The father has a little side story in the film with a political background. He was an English teacher in Iran who was being forced to work for the secret service in Iran, reporting on people, some of whom were activists from the Azeri minority, which he belongs to, but also because he speaks English. He also reported on foreigners. So sometimes he would just be hanging out in the bazaar just talking to people and one of the guys that he chatted up there was a Danish man who was there to make a film. And eight years later, when the couple decided that now they would escape, he called that guy and said, “I’m going to escape my country. I’m scared. I think it’s more secure for me if you would follow my story.” And that’s where the film starts.

So that guy is the co-director of the film and we’ve been shooting and having several teams working so that we could cover everything that’s happened.
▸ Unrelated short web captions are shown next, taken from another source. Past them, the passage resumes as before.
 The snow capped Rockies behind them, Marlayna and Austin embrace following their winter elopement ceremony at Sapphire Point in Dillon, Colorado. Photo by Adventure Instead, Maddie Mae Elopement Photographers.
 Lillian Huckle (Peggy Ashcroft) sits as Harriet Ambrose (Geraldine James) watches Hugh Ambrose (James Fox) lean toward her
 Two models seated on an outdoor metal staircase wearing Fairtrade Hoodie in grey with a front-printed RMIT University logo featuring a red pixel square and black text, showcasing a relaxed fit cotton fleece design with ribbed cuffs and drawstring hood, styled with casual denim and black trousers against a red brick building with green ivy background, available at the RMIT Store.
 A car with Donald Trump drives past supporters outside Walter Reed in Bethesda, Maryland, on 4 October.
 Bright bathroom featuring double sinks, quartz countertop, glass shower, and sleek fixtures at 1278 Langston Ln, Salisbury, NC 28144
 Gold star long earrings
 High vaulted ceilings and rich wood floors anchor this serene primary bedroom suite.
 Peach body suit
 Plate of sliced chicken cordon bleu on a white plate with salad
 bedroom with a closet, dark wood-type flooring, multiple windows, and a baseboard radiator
Some years we didn’t shoot much. Other years, when something starts to roll, we needed to go and be there. So it’s been a large team. But the starting point was actually that man contacting my colleague in Denmark.
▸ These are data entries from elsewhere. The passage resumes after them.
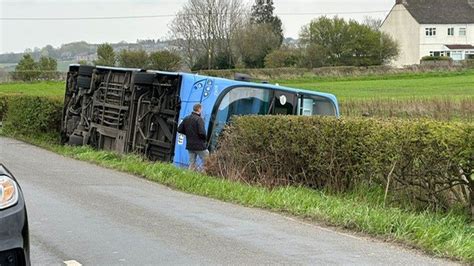 Double-decker bus overturns into field near Stanley - BBC News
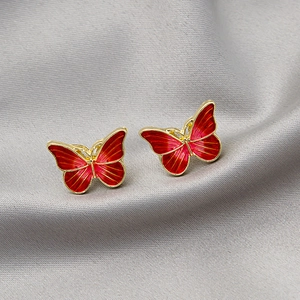 Macro shot of red butterfly earrings with gold metal frame on grey silk fabric background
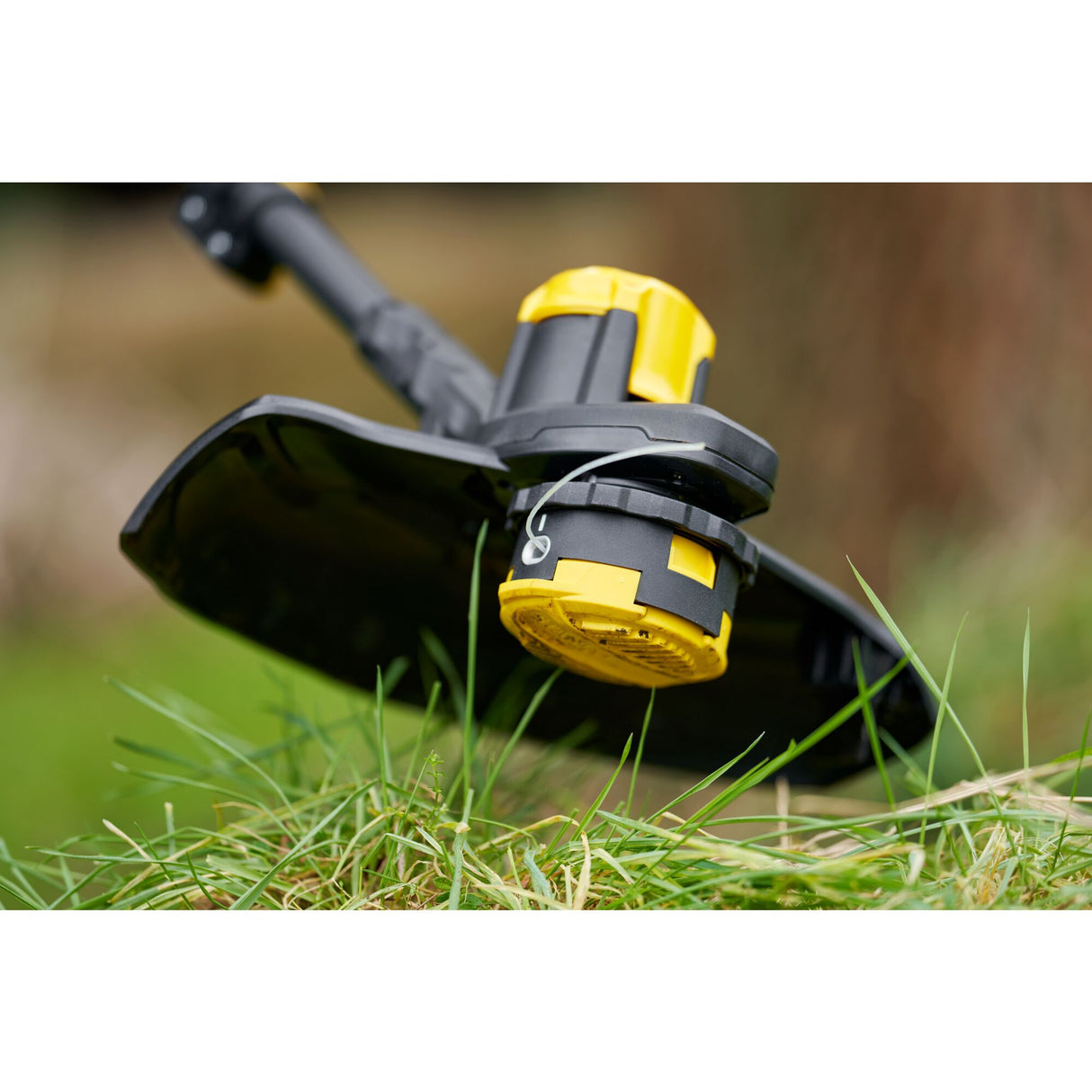 Tête de coupe de débroussailleuse DeWalt, jaune et noire, sur herbe verte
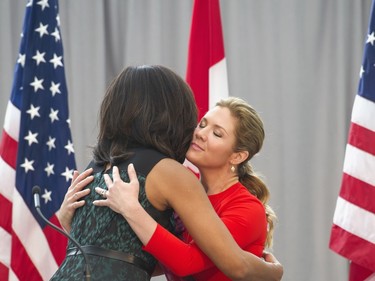 First lady Michelle Obama and Sophie Grégoire-Trudeau, wife of Canadian Prime Minister Justin Trudeau, hug while they participate in a program at the U.S. Institute of Peace in Washington, Thursday, March 10, 2016, to highlight Let Girls Learn efforts and raise awareness for global girl's education.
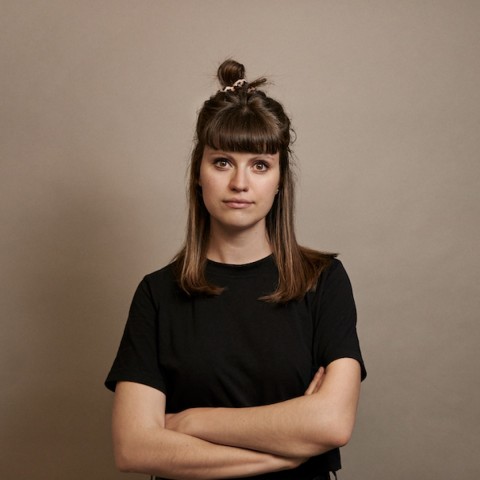 Linda Dudacy long  brown hair dressed in black in front of grey background crossing her arms
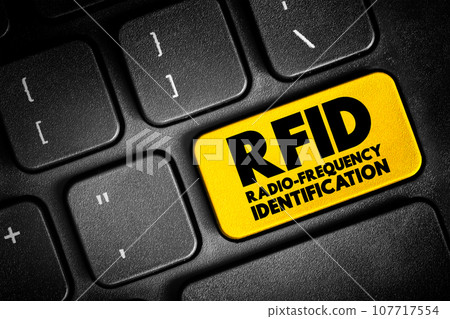 RFID Radio-Frequency Identification - electromagnetic fields to automatically identify and track tags attached to objects, text button on keyboard 107717554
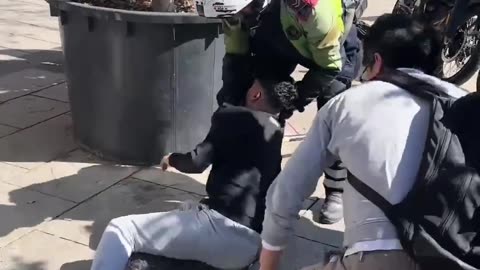 Photographer had his camera stolen. He chased down the thief and put him into a rear choke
HtN: What’s your colleague’s name?

EM: It’s Morten Ranmar.

HtN: And so your involvement, from start to finish with the film, was six years.

EM: Yes.

HtN: Even though the story predates that. So, how often during those six years would you or your team shoot?

EM: Well, it was very much up to what happened to the family. So, sometimes we had to be super alert because the plot of the film is that they are there applying for asylum in Turkey, and unluckily for them, it’s at the same time as a lot of refugees from Syria come out and then many other refugees as well, so it’s super difficult to get an answer from the UNHCR [The UN Refugee Agency], and we are waiting.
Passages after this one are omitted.